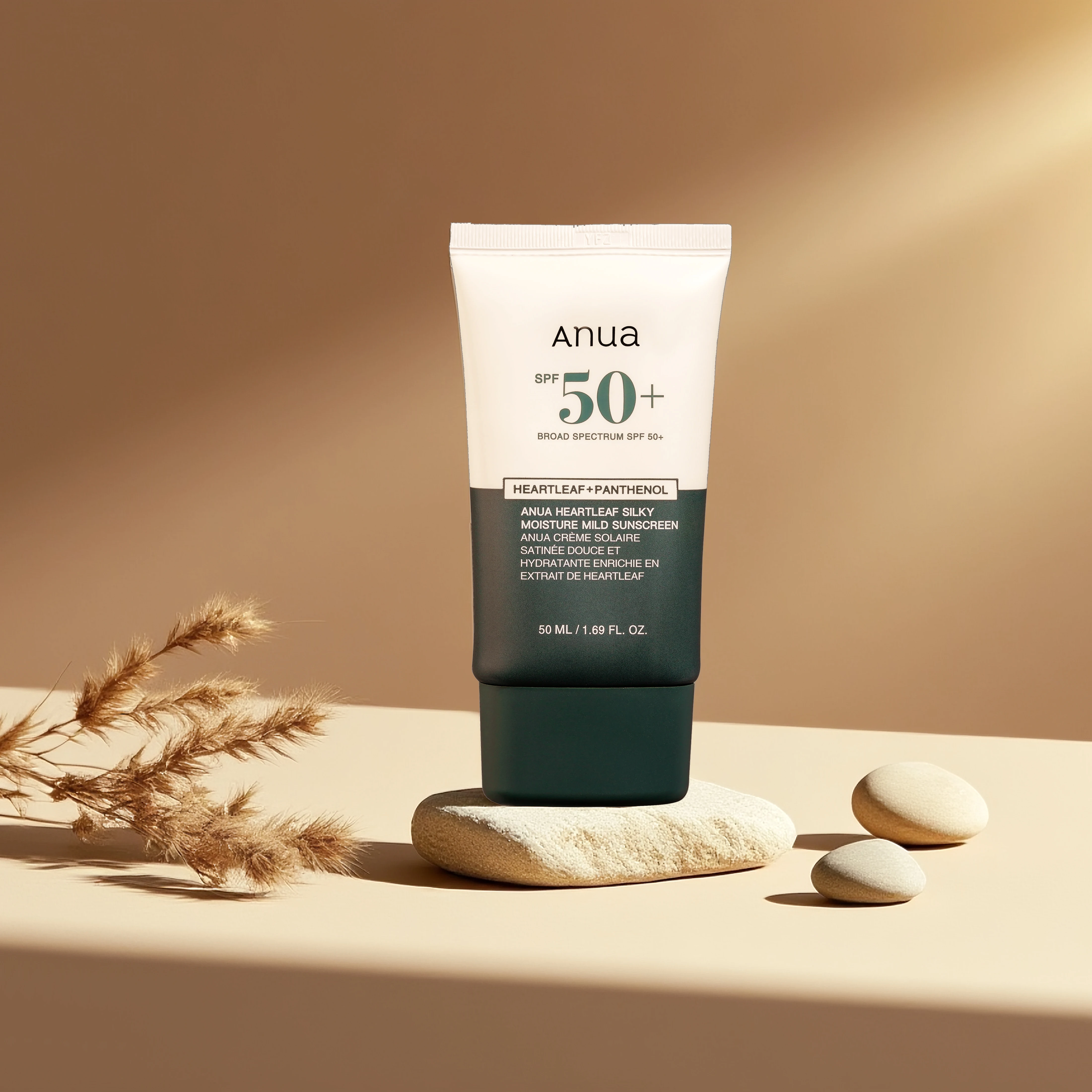 50ml日焼け止めスキンケアUVカットアンチエイジング耐性日焼け止めリフレッシュ保湿メイクアップ日焼け止めクリームスキンケア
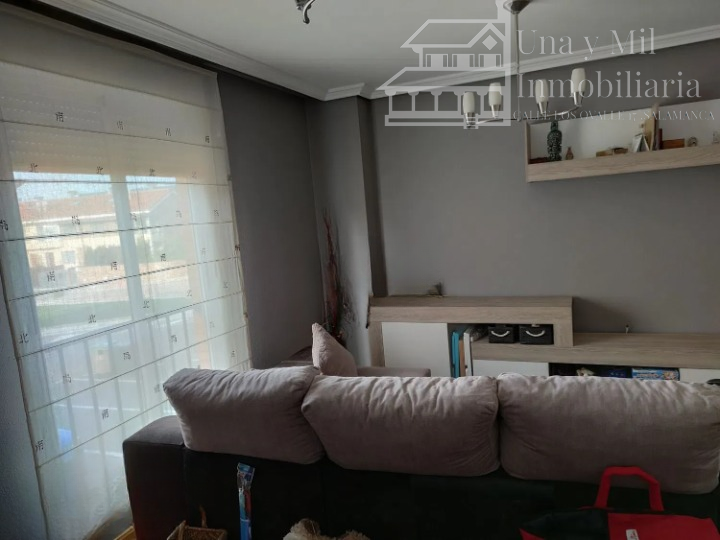 For sale of flat in Villares de la Reina
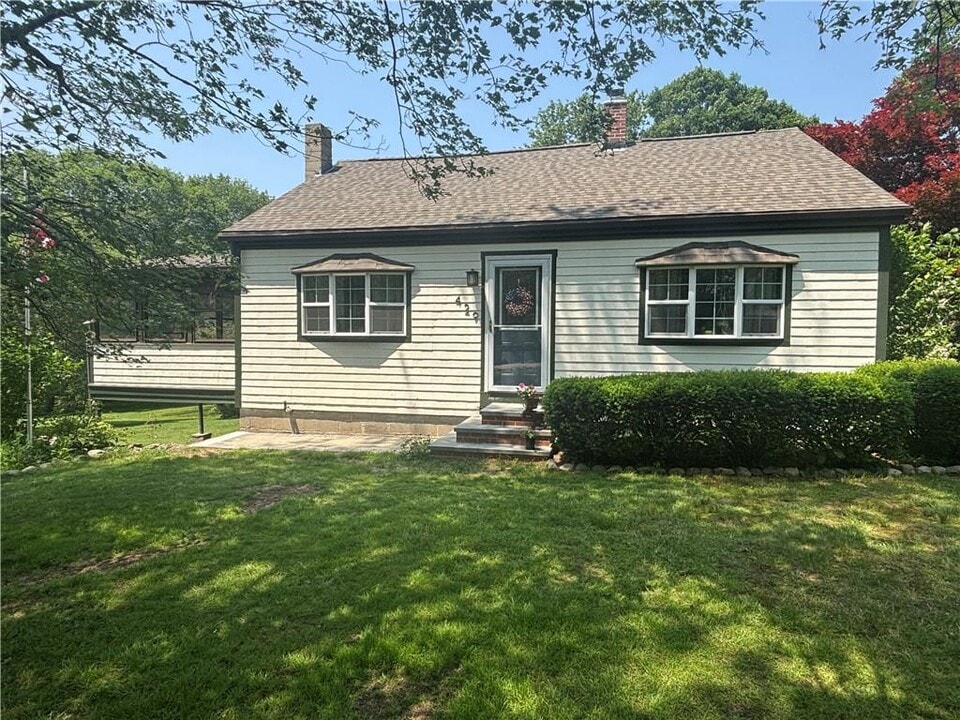 429 Central Pike in Scituate, RI - Building Photo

- **Assignment**:
Starting with the line that contains "For sale of flat in Villares de la Reina", print every line through the end of the data exactly as written; omit all pictures and add nothing else.

- **Expected answer**:
 For sale of flat in Villares de la Reina
 429 Central Pike in Scituate, RI - Building Photo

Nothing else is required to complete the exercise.